Thursday, October 2, 2014

It's October already!

I love this month! Not only is it the month of birth of all 3 of us siblings, which really isn't the only reason behind my fondness for it. But the change in weather is beautiful. In France, apart from temperatures dropping and going up, other seasonal changes are also so visible. People on the streets, the colour of their clothes, the vegetables in the market, the skies. I am pretty sure that even if I were born during one of those hot summer months, I would have loved October.

I have let a couple of months pass by without blogging about it. July was different this year. The summer wasn't as intense as last year. And I feel these past few months have really flown by. I remember vignettes, but feel like it all occurred ages ago.

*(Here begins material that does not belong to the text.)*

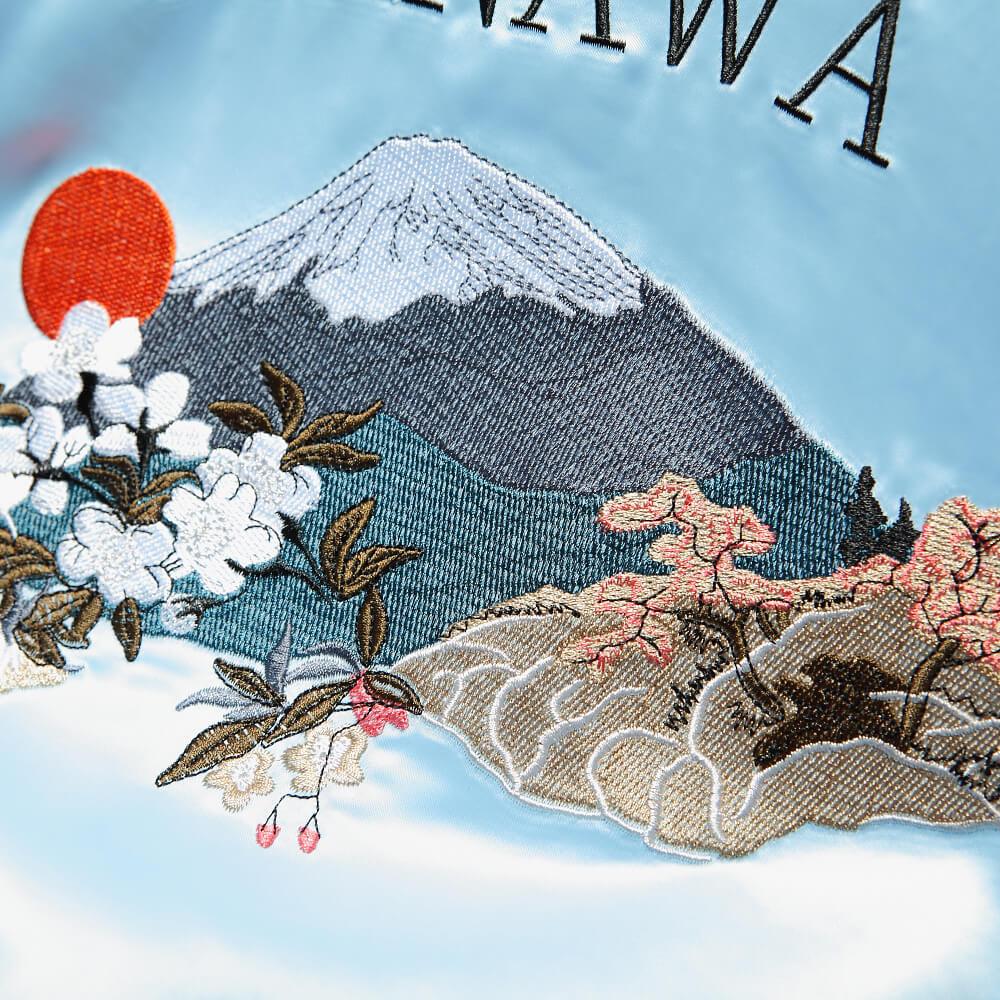 Reversible Mountain Tiger Souvenir Jacket - Dual Design Embroidered Bomber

In August, my sister and her little family visited. I went to Paris to look after my niece so that my sister and her husband can roam around the beautiful city on their own time. It was a lovely and different experience, looking at Paris through a toddler's eyes. Short trips to Barcelona and Madrid followed. Barcelona is a very lively city, very youthful and colourful. Madrid is a sophisticated, charming city. My sister and I had the best experience one day in Madrid, when we treated ourselves to an evening of Flamenco. It is such a rustic yet classic style, with live music and singing. The style of singing reminded me of Ra├».

A couple of friends we made last year moved to another city. In September, I had the pleasure of having them over for dinner. They are from Romania and their former flat mate, who attends drum class with me, is from Latvia. I cannot begin to tell you the amount and openness of our political conversations. For some reason, they are well aware of India’s continued issues of control with her many neighbours. And we draw similarities from across the world, especially from across Europe.

Yesterday, at Claudio's place for Hindi class, we had just finished reading an extremely formal letter of application asking for leave of absence. I told him nobody speaks so formally like that anymore. Perhaps, they still write like that in the government where you have to sound like you will remain forever obliged to your superior if they grant you leave!

This led us to talk about 'monsieur' and 'madame', which literally is 'my-sir' and 'my-dame'. He said in the great old times, the royalty used to address their queens and kings like this. So, you are 'my-sir' or 'my-dame'. And that continued as it is.

THAT led us to talk about the origin of the word ‘ciao’. In Italy it is ‘hello’. In France, it is ‘bye’, although I feel it is more an outside influence than an original term in French. It turns out the Latin for ‘I am your slave’ (used during the Roman Empire) lends itself to ‘schiavo’, which is Italian for ‘slave’. ‘Ciao’ is a version of that.